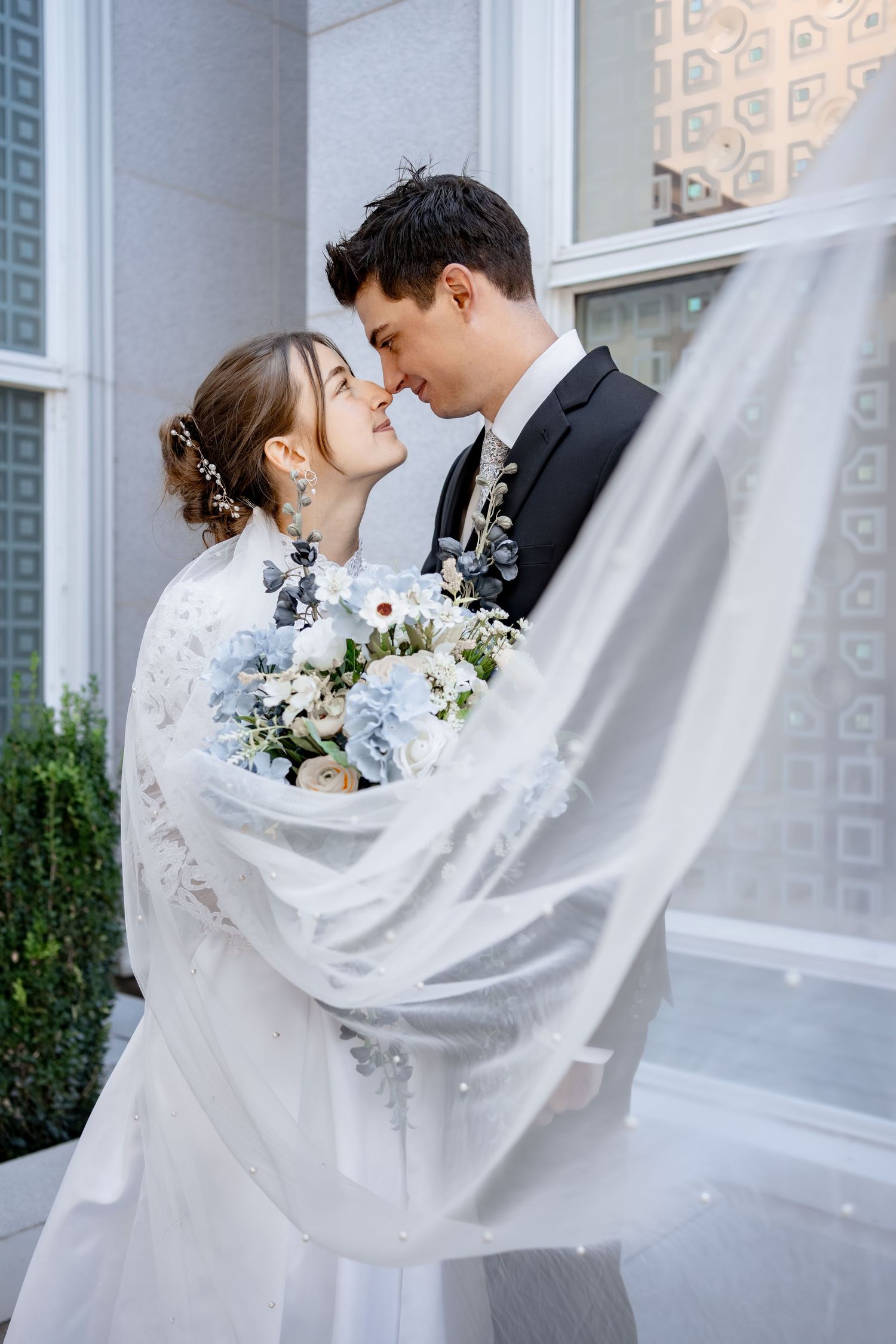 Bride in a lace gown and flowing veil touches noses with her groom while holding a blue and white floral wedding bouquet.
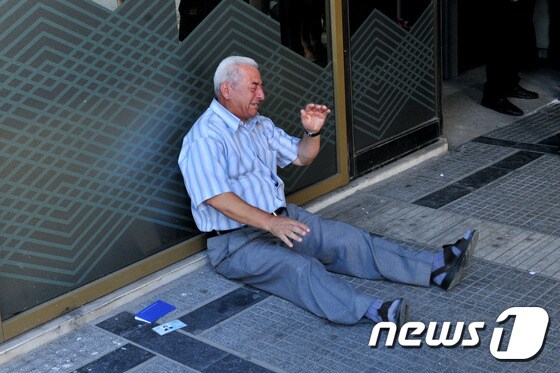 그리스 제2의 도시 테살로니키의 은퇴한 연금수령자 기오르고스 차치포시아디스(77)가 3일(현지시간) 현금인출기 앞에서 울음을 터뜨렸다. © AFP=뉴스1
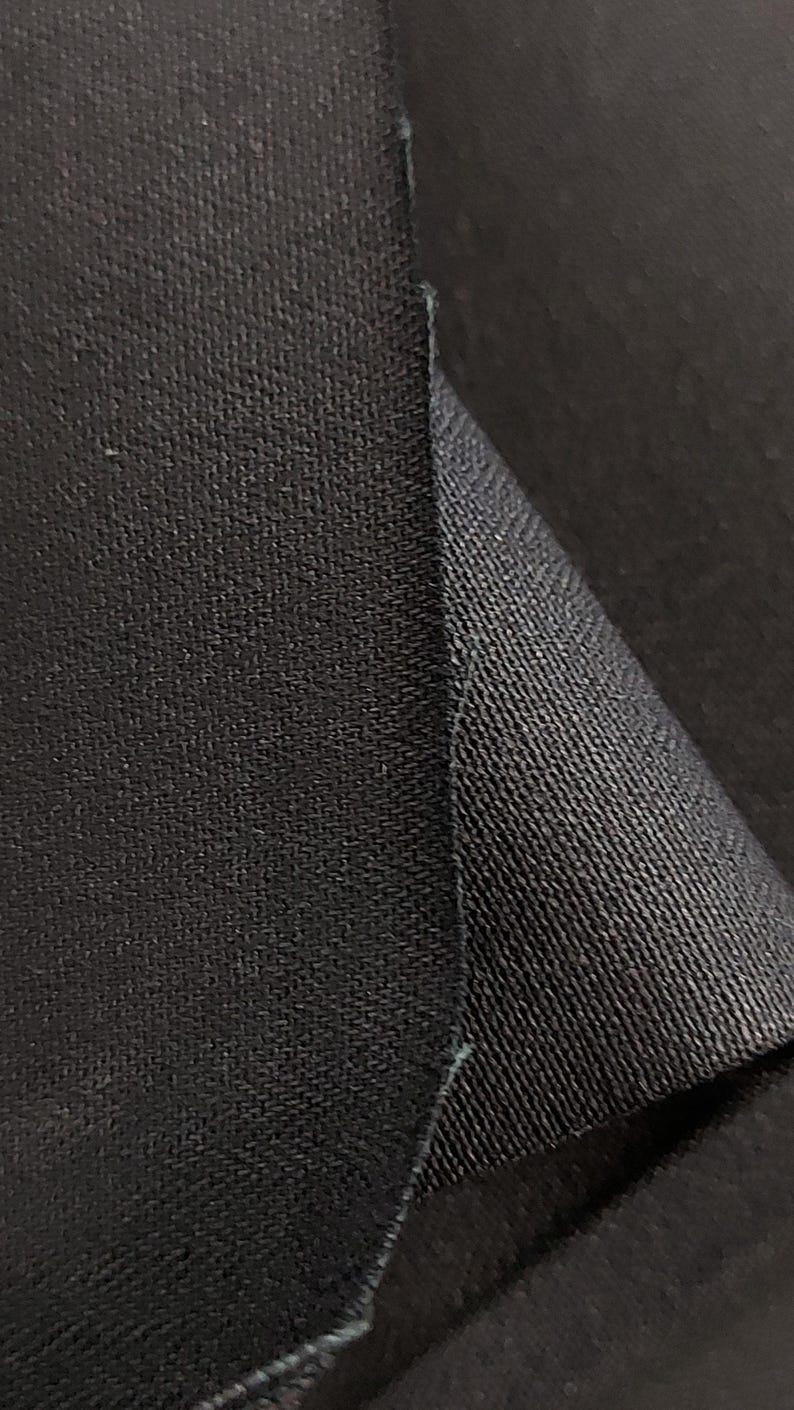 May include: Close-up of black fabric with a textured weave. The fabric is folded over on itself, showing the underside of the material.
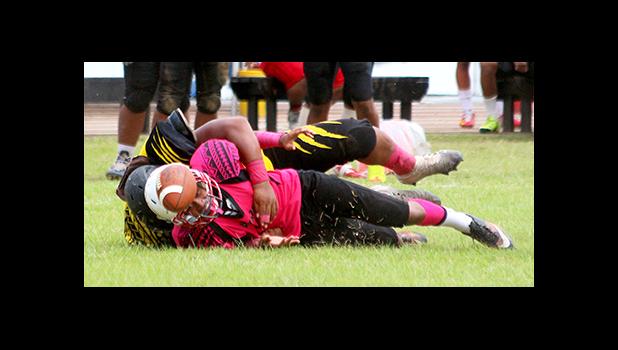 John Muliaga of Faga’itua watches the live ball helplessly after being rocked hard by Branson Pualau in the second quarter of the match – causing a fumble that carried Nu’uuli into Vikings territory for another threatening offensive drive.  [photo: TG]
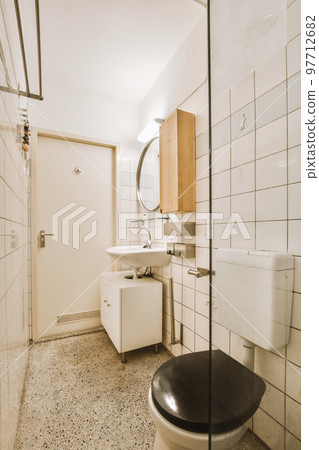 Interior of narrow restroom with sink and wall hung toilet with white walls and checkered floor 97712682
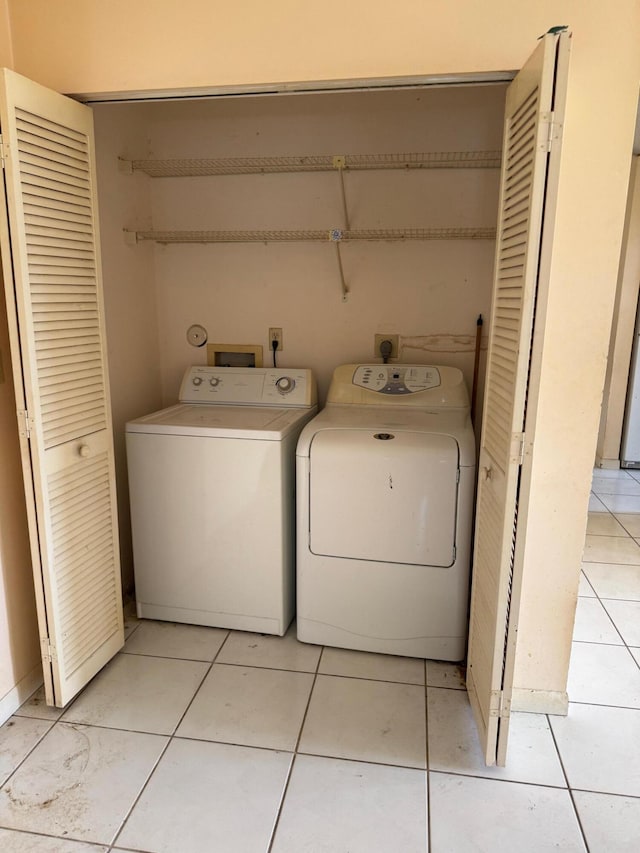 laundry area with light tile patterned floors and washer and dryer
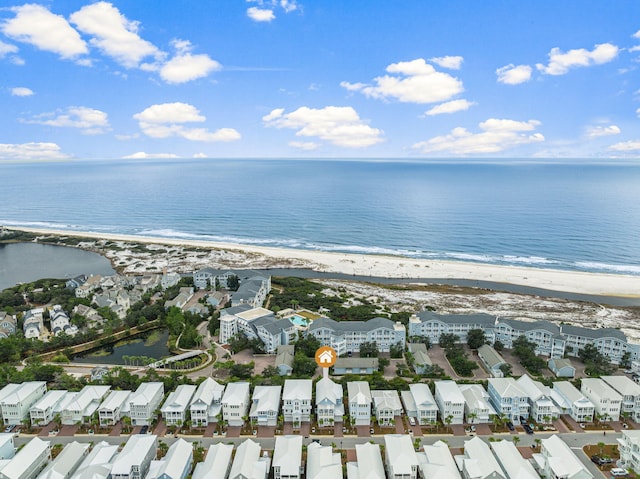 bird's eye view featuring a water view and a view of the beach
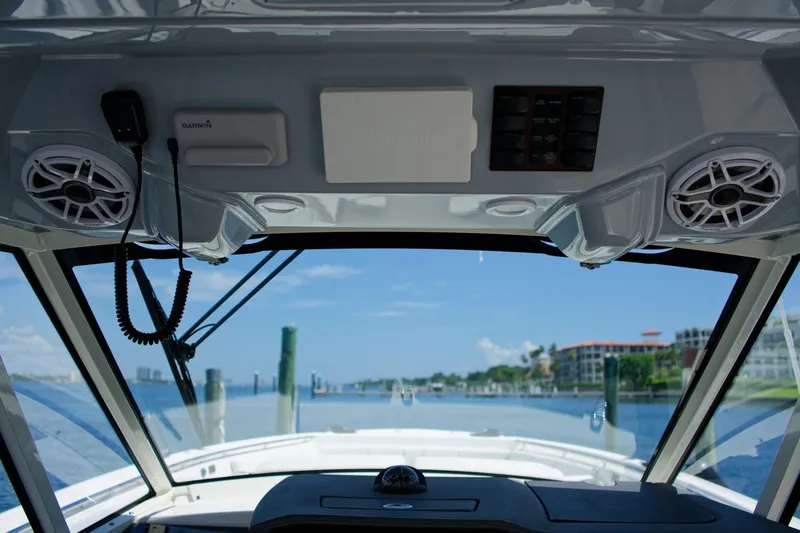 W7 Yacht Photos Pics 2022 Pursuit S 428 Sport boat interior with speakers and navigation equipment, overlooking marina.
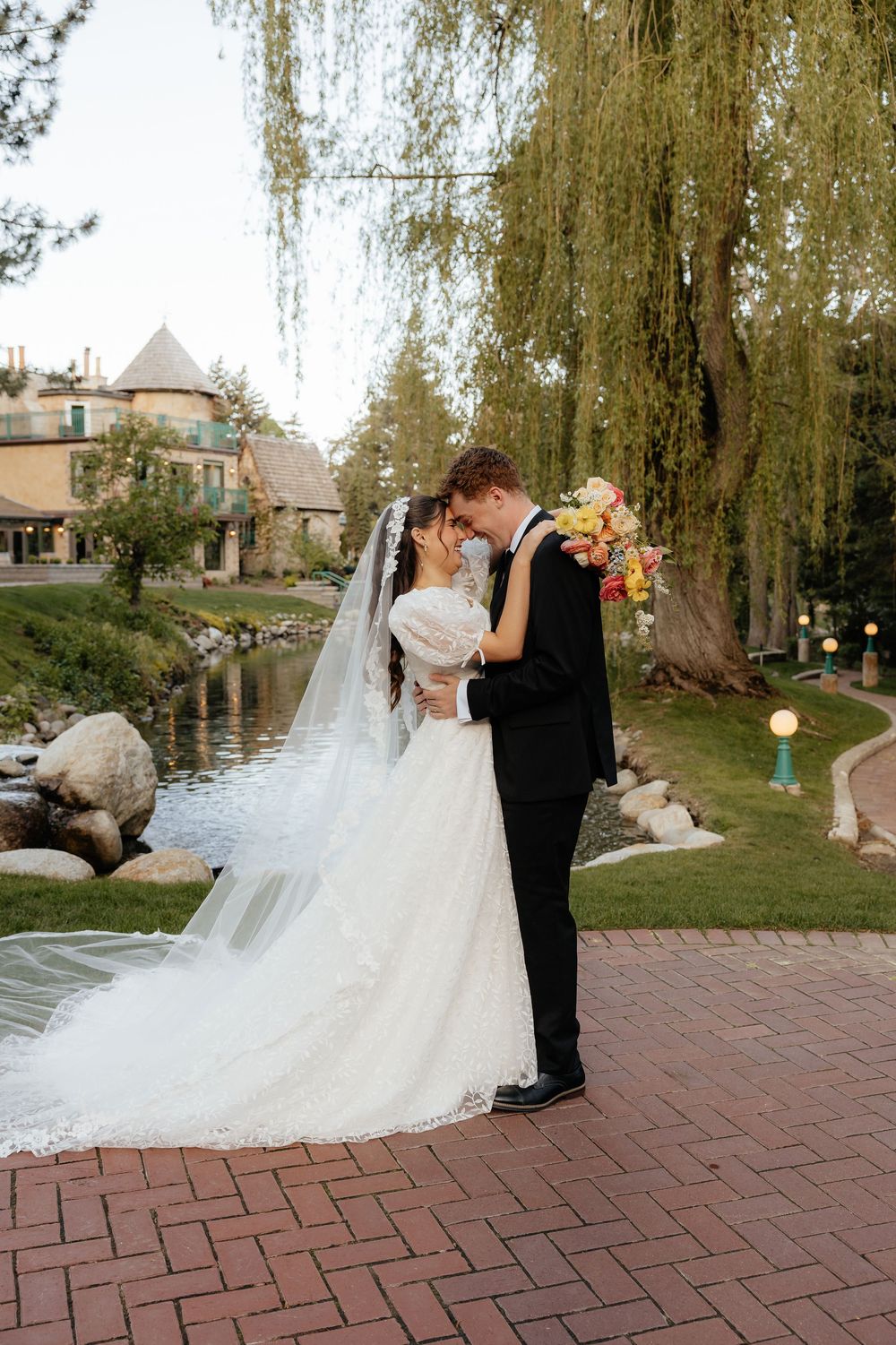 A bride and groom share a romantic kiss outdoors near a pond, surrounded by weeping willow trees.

=======

* What is needed
In the copy, include no pictures; everything else in the material should be written out exactly.

* Answer box
 Bride in a lace gown and flowing veil touches noses with her groom while holding a blue and white floral wedding bouquet.
 그리스 제2의 도시 테살로니키의 은퇴한 연금수령자 기오르고스 차치포시아디스(77)가 3일(현지시간) 현금인출기 앞에서 울음을 터뜨렸다. © AFP=뉴스1
 May include: Close-up of black fabric with a textured weave. The fabric is folded over on itself, showing the underside of the material.
 John Muliaga of Faga’itua watches the live ball helplessly after being rocked hard by Branson Pualau in the second quarter of the match – causing a fumble that carried Nu’uuli into Vikings territory for another threatening offensive drive.  [photo: TG]
 Interior of narrow restroom with sink and wall hung toilet with white walls and checkered floor 97712682
 laundry area with light tile patterned floors and washer and dryer
 bird's eye view featuring a water view and a view of the beach
 W7 Yacht Photos Pics 2022 Pursuit S 428 Sport boat interior with speakers and navigation equipment, overlooking marina.
 A bride and groom share a romantic kiss outdoors near a pond, surrounded by weeping willow trees.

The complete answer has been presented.